Cute Dsl FMHA Runner#

class CuteDslFMHARunner#

Unified runner for CuTe DSL compiled FMHA kernels (Blackwell SM100+).

Supports two execution modes via separate AOT-compiled kernel variants:

  1. LLM prefill/chunked-prefill: batched Q [B,S_q,H_q,D] + combined KV cache [B,2,H_kv,Cap,D] with causal masking and optional sliding window.

  2. ViT: packed varlen separate Q/K/V [total_S,H,D] with cu_seqlens [B+1] for ragged batching, bidirectional attention (no causal mask).

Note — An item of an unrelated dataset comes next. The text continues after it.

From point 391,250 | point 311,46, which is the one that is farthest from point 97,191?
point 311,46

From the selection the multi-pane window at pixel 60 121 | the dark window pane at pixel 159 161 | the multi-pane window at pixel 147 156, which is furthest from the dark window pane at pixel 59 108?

Each mode has its own kernel modules and run() overload.

Public Functions

CuteDslFMHARunner(
int32_t numQHeads,
int32_t numKVHeads,
int32_t headDim,
int32_t batchSize = 0,
int32_t seqLenQ = 0,
int32_t kvCacheCapacity = 0
)#
~CuteDslFMHARunner() = default#
CuteDslFMHARunner(CuteDslFMHARunner const&) = delete#
CuteDslFMHARunner &operator=(CuteDslFMHARunner const&) = delete#
void run(
void const *qPtr,
void const *kvPtr,
void *oPtr,
int32_t const *cuKVSeqLens,
cudaStream_t stream,
int32_t slidingWindowSize = INT_MAX
)#

LLM FMHA: batched Q + combined KV cache with causal masking.

Parameters:
  • qPtr – Query [B, S_q, H_q, D]

  • kvPtr – Combined KV cache [B, 2, H_kv, Cap, D]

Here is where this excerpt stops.